1. In deze uitspraak beoordeelt de rechtbank het beroep van eiseres tegen het niet in behandeling nemen van de aanvraag tot het verlenen van een verblijfsvergunning asiel voor bepaalde tijd. De minister heeft de aanvraag met het bestreden besluit van 20 maart 2025 niet in behandeling genomen omdat Frankrijk verantwoordelijk is voor de aanvraag.
1.1.
Op het verzoek tot het treffen van een voorlopige voorziening [1] is in een afzonderlijke uitspraak beslist. De voorlopige voorziening is toegewezen op 26 juni 2025.
1.2.
De rechtbank heeft partijen uitgenodigd om op 19 juni 2025 op zitting te verschijnen. De gemachtigde van eiseres heeft op 17 juni 2025 de rechtbank bericht dat er geen tolk Ganda beschikbaar was en de rechtbank een niet-leveringsverklaring toegezonden. Vervolgens is op 1 juli 2025 een nieuwe zitting gepland, waarop de gemachtigde van eiseres heeft laten weten dat er wederom geen tolk Ganda beschikbaar was. De rechtbank en de voorzieningenrechter hebben daarop besloten het beroep aan te houden en de voorlopige voorziening toe te wijzen.
1.3.
De rechtbank heeft partijen uitgenodigd om op 29 september 2025 op zitting te verschijnen. De gemachtigde van eiseres heeft op 24 september 2025 de rechtbank bericht dat er wederom geen tolk Ganda beschikbaar was. De rechtbank heeft daarop het beroep aangehouden.
1.4.
Eiseres heeft op 24 oktober 2025 aanvullende gronden van beroep ingediend.
1.5.
De rechtbank heeft het beroep op 27 oktober 2025 op zitting behandeld. Hieraan hebben deelgenomen: eiseres, een telefonische tolk, de gemachtigde van eiseres en de gemachtigde van de minister. De rechtbank heeft het onderzoek op de zitting gesloten.

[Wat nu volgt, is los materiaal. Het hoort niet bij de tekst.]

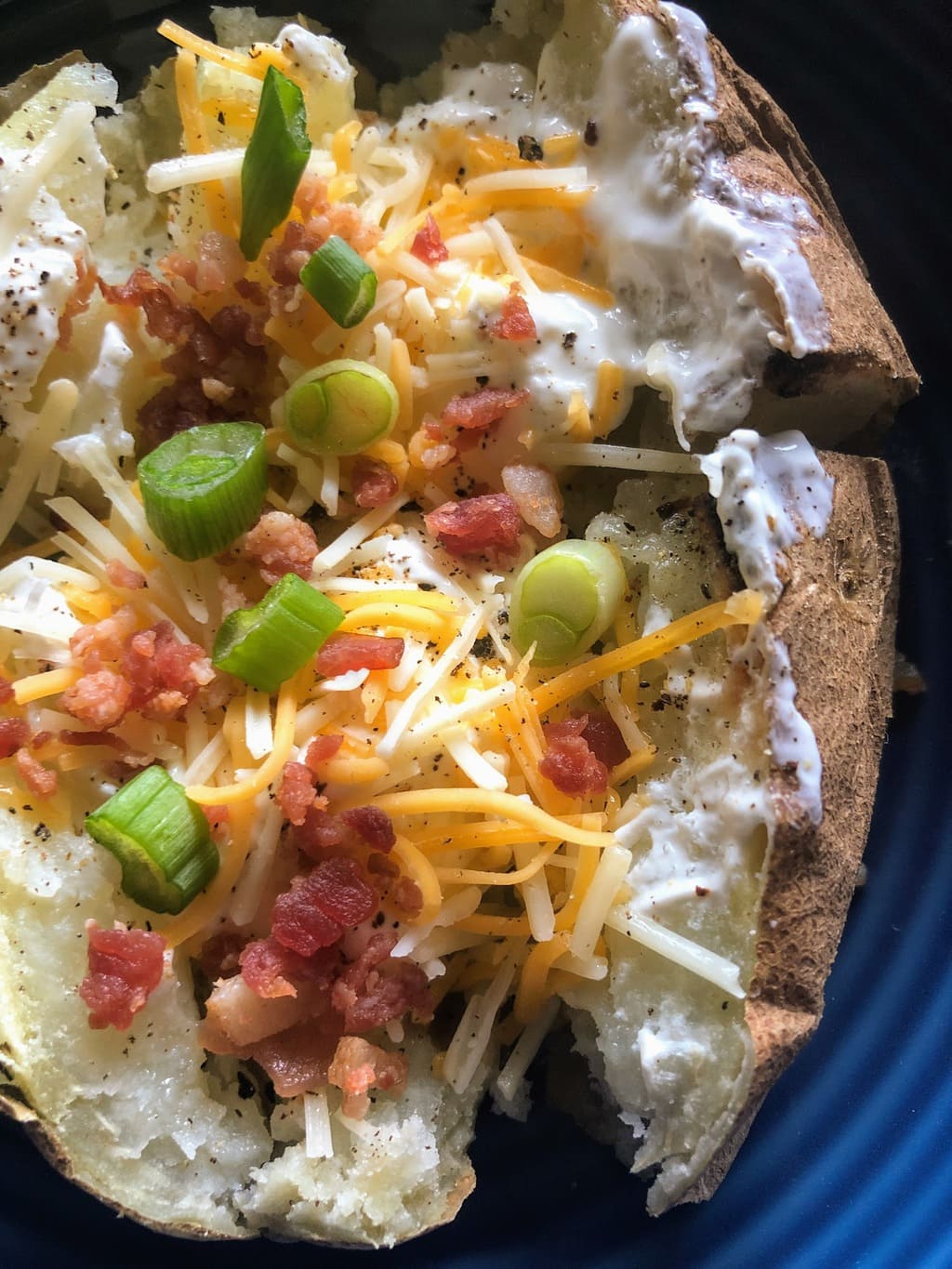 baked potato with scallions, cheese, bacon and sour cream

Beoordeling door de rechtbank

2. De rechtbank beoordeelt het niet in behandeling nemen van de asielaanvraag van eiseres.
3. De rechtbank verklaart het beroep ongegrond. Dat betekent dat eiseres ongelijk krijgt en het niet in behandeling nemen van haar aanvraag in stand blijft. Hierna legt de rechtbank uit hoe zij tot dit oordeel komt en welke gevolgen dit oordeel heeft.
Totstandkoming van het besluit
4. De Europese Unie heeft gezamenlijke regelgeving over het in behandeling nemen van asielaanvragen die in de Dublinverordening [2] staat. Op grond van de Dublinverordening neemt de minister een asielaanvraag niet in behandeling als is vastgesteld dat een andere lidstaat verantwoordelijk is voor de behandeling daarvan. [3] Uit EU-Vis is gebleken dat eiseres op 22 augustus 2024 door Frankrijk een visum had gekregen dat geldig was van 25 augustus 2025 tot 29 september 2024. Vervolgens heeft Nederland bij Frankrijk op 9 december 2024 een verzoek om terugname gedaan. Frankrijk heeft dit verzoek op 10 februari 2025, op grond van artikel 12, vierde lid van de Dublinverordening aanvaard.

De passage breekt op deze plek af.